Any suggestions for a best practice type approach to resolve this problem? If I move my testcases into project/src that clutters the main source folder with testcases.
I usually use this to get a relative path from my module. Never tried in a unittest tho.
import os
print(os.path.join(os.path.dirname(__file__),
'..',
'resources'
'datafile1.txt'))
Note: The .. tricks works pretty well, but if you change your directory structure you would need to update that part.
On top of the above answers, I'd like to add some Python 3 tricks to make your tests cleaner.
With the help of the pathlib library, you can explicit your ressources import in your tests. It even handles the separators difference between Unix (/) and Windows ().
Let's say we have a folder structure like this :
`-- tests
|-- test_1.py <-- You are here !
|-- test_2.py
`-- images
|-- fernando1.jpg <-- You want to import this image !
`-- fernando2.jpg
You are in the test_1.py file, and you want to import fernando1.jpg. With the help to the pathlib library, you can read your test resource with an object oriented logic as follows :
from pathlib import Path
current_path = Path(os.path.dirname(os.path.realpath(__file__)))

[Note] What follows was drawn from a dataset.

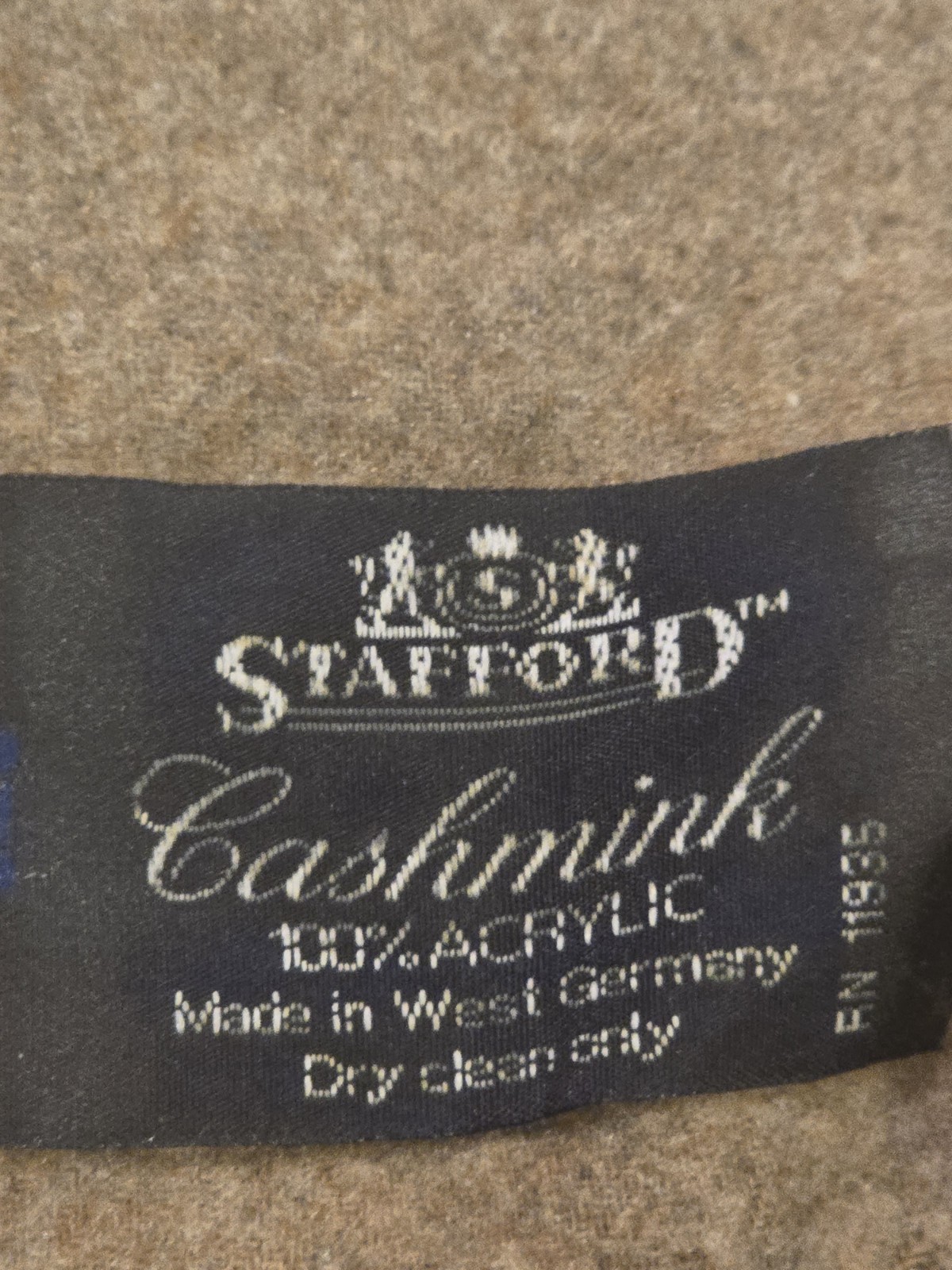 Stafford Cashmink Men’s Tan Solid Acrylic Rectangle Scarf with Fringe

image_path = current_path / "images" / "fernando1.jpg"
with image_path.open(mode='rb') as image :
# do what you want with your image object
But there's actually convenience methods to make your code more explicit than mode='rb', as :
image_path.read_bytes() # Which reads bytes of an object
text_file_path.read_text() # Which returns you text file content as a string
And there you go !
in each directory that contains Python scripts, put a Python module that knows the path to the root of the hierarchy. It can define a single global variable with the relative path. Import this module in each script. Python searches the current directory first so it will always use the version of the module in the current directory, which will have the relative path to the root of the current directory. Then use this to find your other files. For example:
# rootpath.py
rootpath = "../../../"
# in your scripts
from rootpath import rootpath
datapath = os.path.join(rootpath, "src/resources/datafile1.txt")
If you don't want to put additional modules in each directory, you could use this approach:
Put a sentinel file in the top level of the directory structure, e.g. thisisthetop.txt. Have your Python script move up the directory hierarchy until it finds this file. Write all your pathnames relative to that directory.
Possibly some file you already have in the project directory can be used for this purpose (e.g. keep moving up until you find a src directory), or you can name the project directory in such a way to make it apparent.
You can access files in a package using importlib.resources (mind Python version compatibility of the individual functions, there are backports available as importlib_resources), as described here. Thus, if you put your resources folder into your mypackage, like
project/src/mypackage/__init__.py
project/src/mypackage/mymodule.py
project/src/mypackage/resources/
project/src/mypackage/resources/datafile1.txt
you can access your resource file in code without having to rely on inferring file locations of your scripts:
import importlib.resources
file_path = importlib.resources.files('mypackage').joinpath('resources/datafile1.txt')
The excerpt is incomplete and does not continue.